[Activity] Below this line is a listing that includes pictures. Copy exactly, and only, the lines from the one containing "Building Photo - 6062 SW 154th Place Rd" through the one containing "Gemeinsam in der"; the pictures do not go in the copy.

[Supplied information]
▬▬▬▬▬▬▬▬▬▬

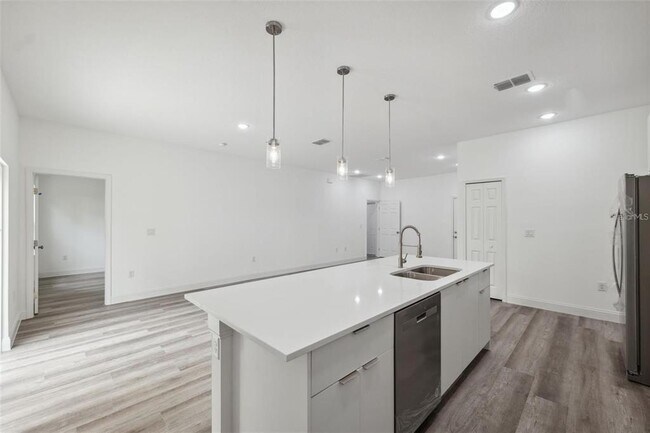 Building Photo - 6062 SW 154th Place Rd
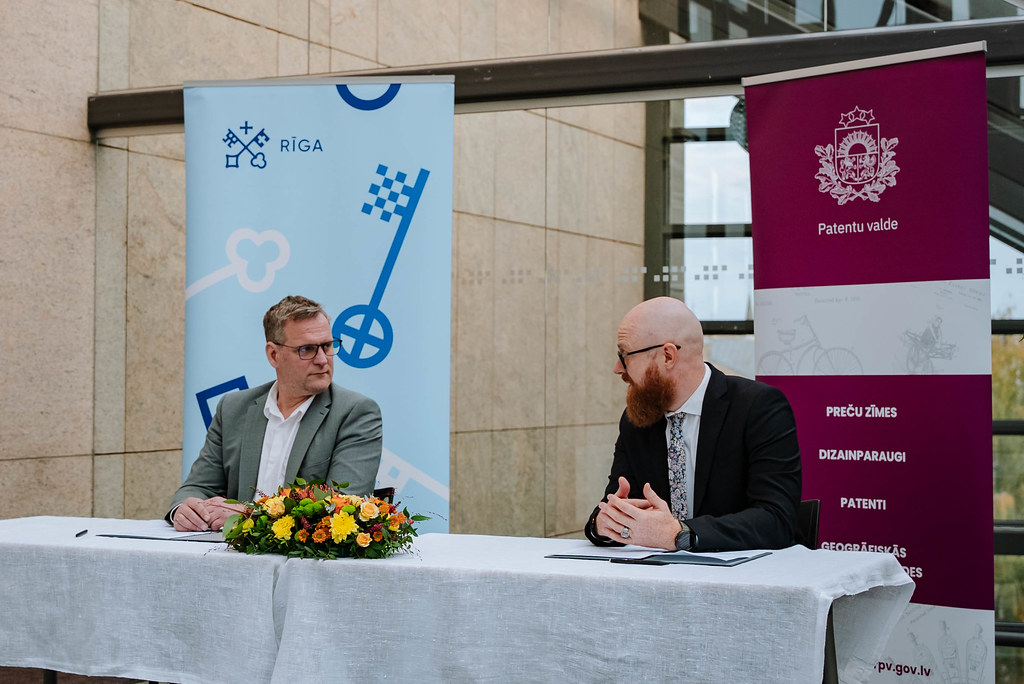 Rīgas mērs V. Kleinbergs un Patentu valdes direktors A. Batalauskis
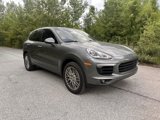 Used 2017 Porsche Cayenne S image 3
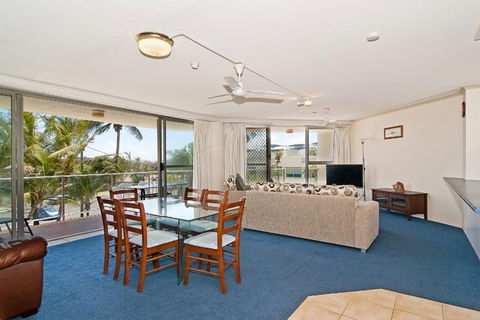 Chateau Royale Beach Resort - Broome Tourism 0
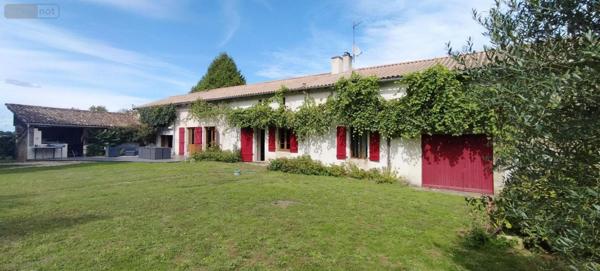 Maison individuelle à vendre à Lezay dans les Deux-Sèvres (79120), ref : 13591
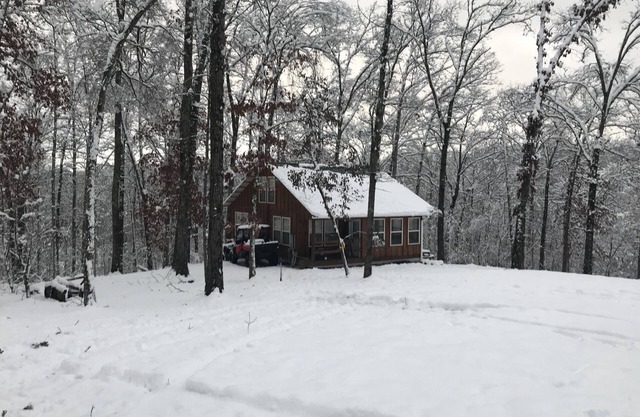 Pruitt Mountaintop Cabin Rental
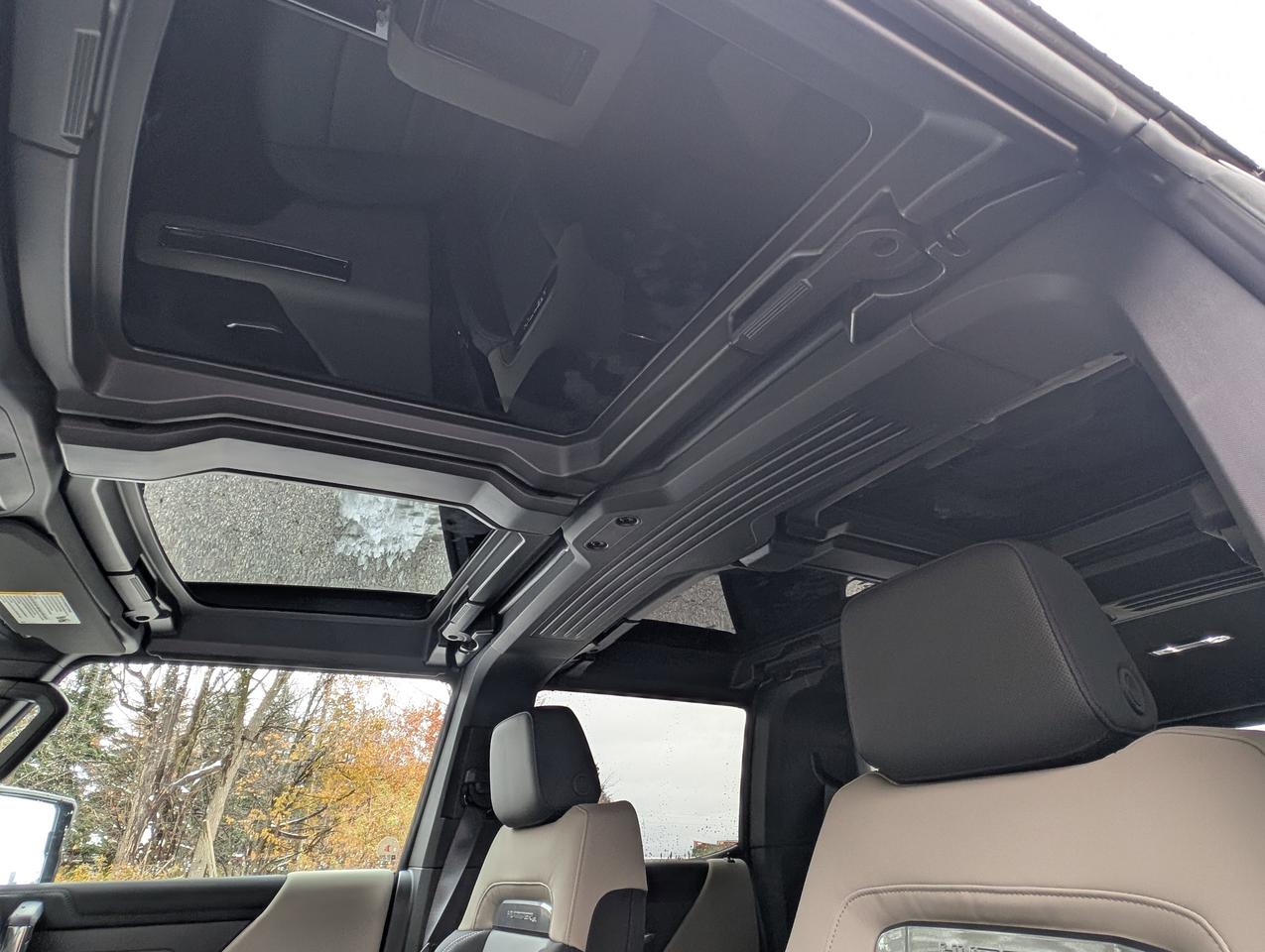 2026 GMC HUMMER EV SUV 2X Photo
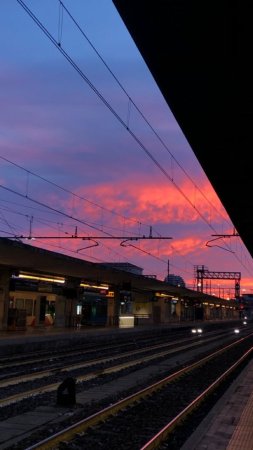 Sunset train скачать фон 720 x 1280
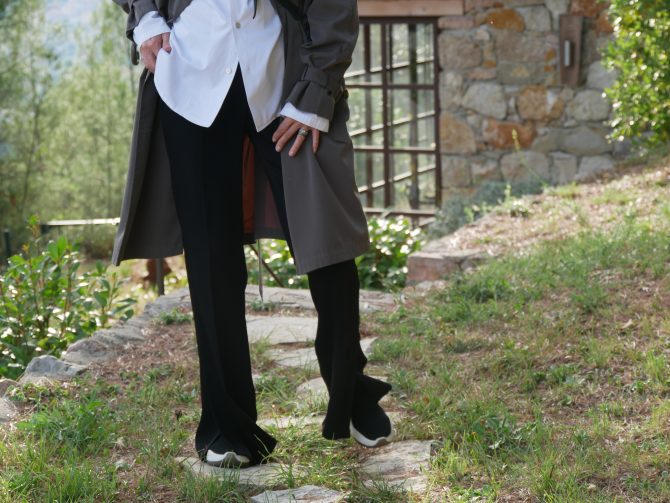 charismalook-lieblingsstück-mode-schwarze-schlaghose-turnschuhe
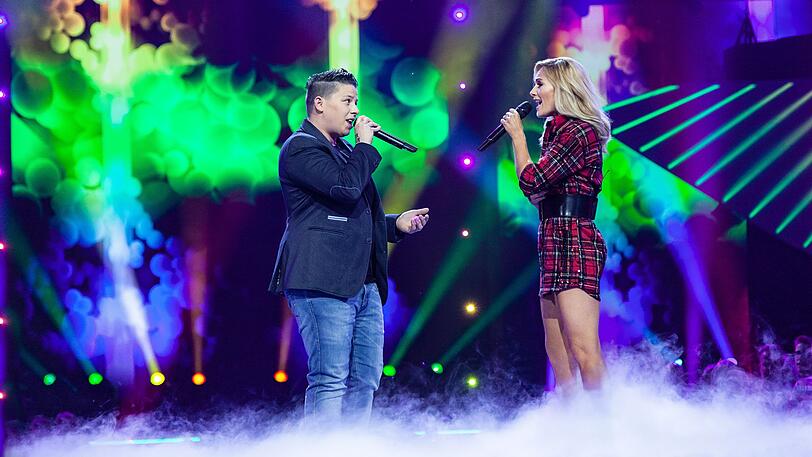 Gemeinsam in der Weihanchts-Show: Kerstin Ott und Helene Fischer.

▬▬▬▬▬▬▬▬▬▬

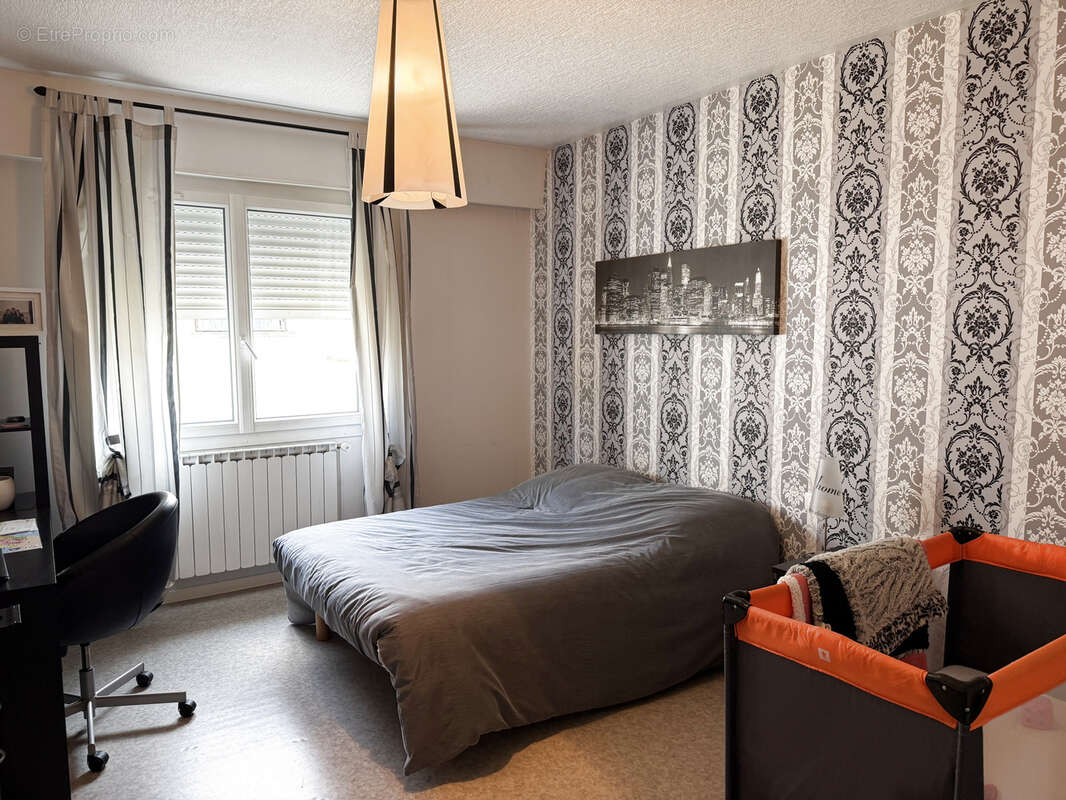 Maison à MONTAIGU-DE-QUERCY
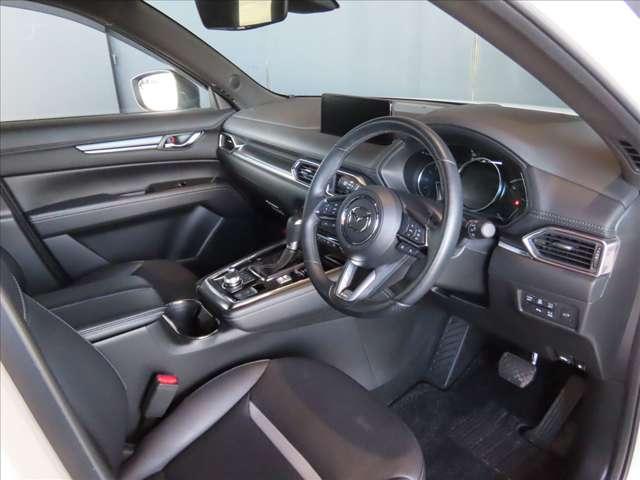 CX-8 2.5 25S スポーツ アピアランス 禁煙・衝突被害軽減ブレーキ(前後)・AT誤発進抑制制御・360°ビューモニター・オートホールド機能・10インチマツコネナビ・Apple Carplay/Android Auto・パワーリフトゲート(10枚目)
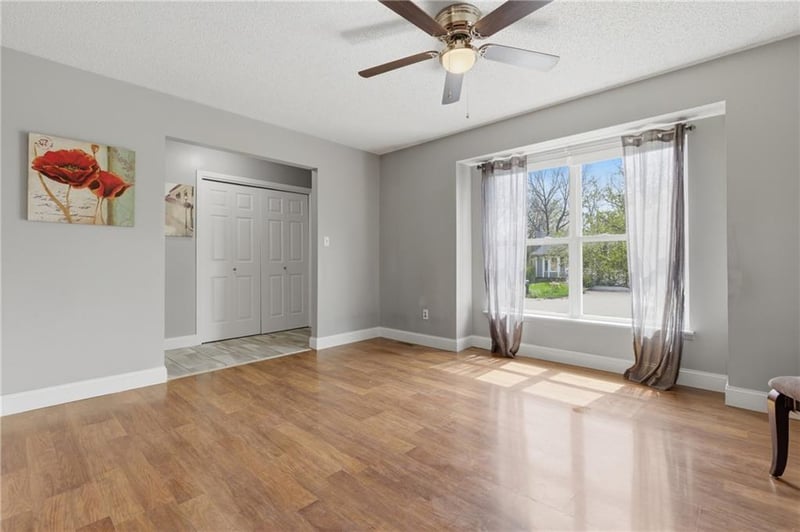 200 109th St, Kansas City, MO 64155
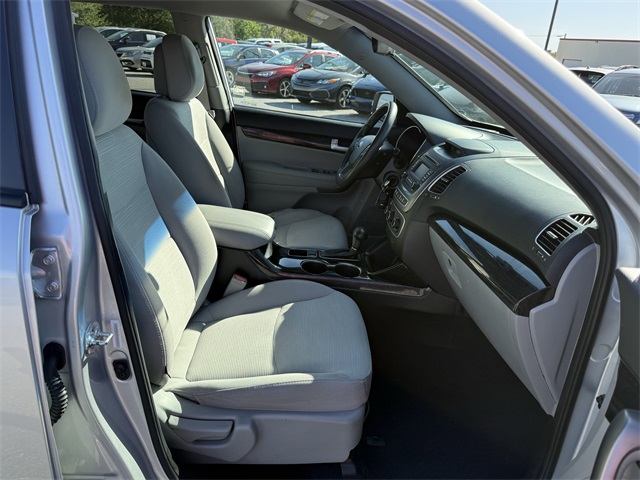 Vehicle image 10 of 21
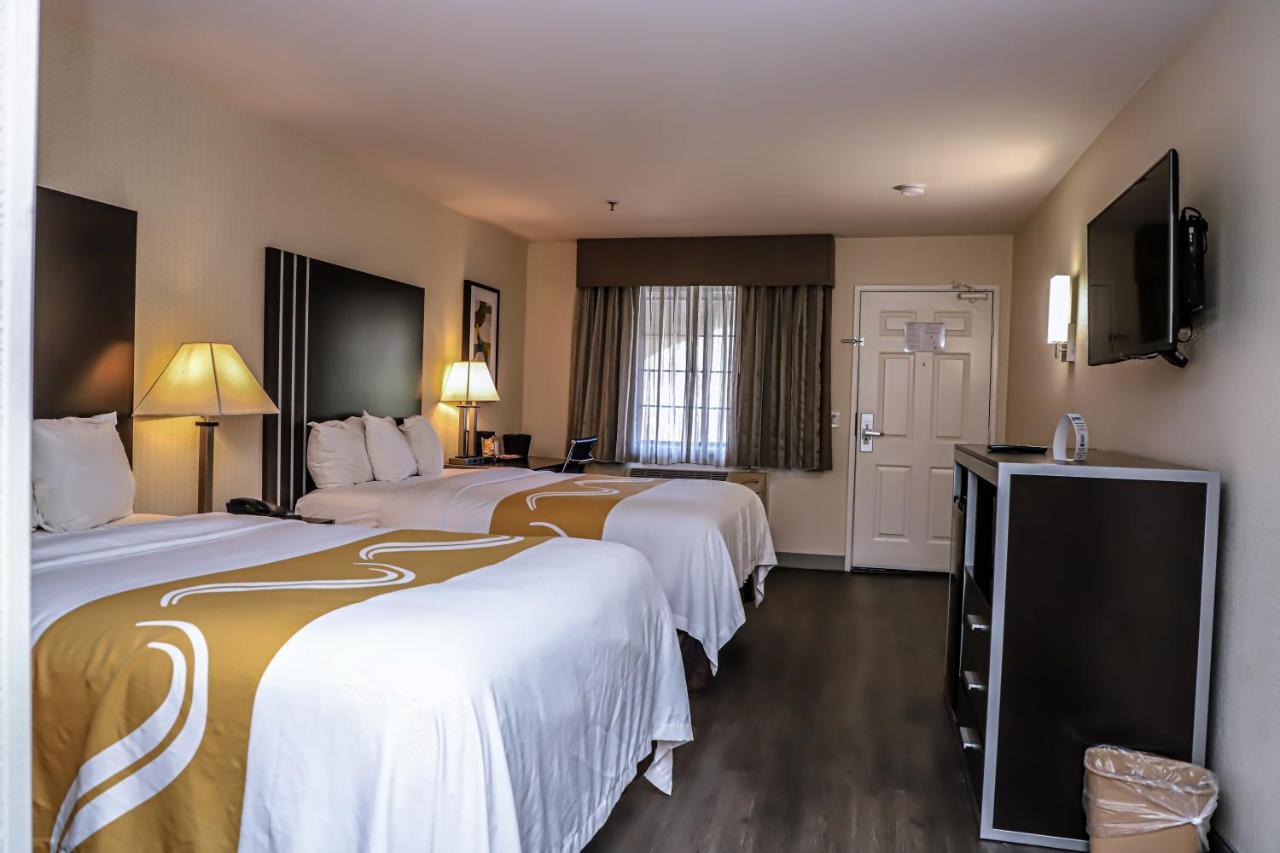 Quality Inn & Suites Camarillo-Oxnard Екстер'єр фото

▬▬▬▬▬▬▬▬▬▬

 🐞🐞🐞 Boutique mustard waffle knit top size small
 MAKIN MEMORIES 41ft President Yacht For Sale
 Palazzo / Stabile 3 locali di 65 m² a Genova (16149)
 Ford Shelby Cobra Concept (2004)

▬▬▬▬▬▬▬▬▬▬

[Your solution]
 Building Photo - 6062 SW 154th Place Rd
 Rīgas mērs V. Kleinbergs un Patentu valdes direktors A. Batalauskis
 Used 2017 Porsche Cayenne S image 3
 Chateau Royale Beach Resort - Broome Tourism 0
 Maison individuelle à vendre à Lezay dans les Deux-Sèvres (79120), ref : 13591
 Pruitt Mountaintop Cabin Rental
 2026 GMC HUMMER EV SUV 2X Photo
 Sunset train скачать фон 720 x 1280
 charismalook-lieblingsstück-mode-schwarze-schlaghose-turnschuhe
 Gemeinsam in der Weihanchts-Show: Kerstin Ott und Helene Fischer.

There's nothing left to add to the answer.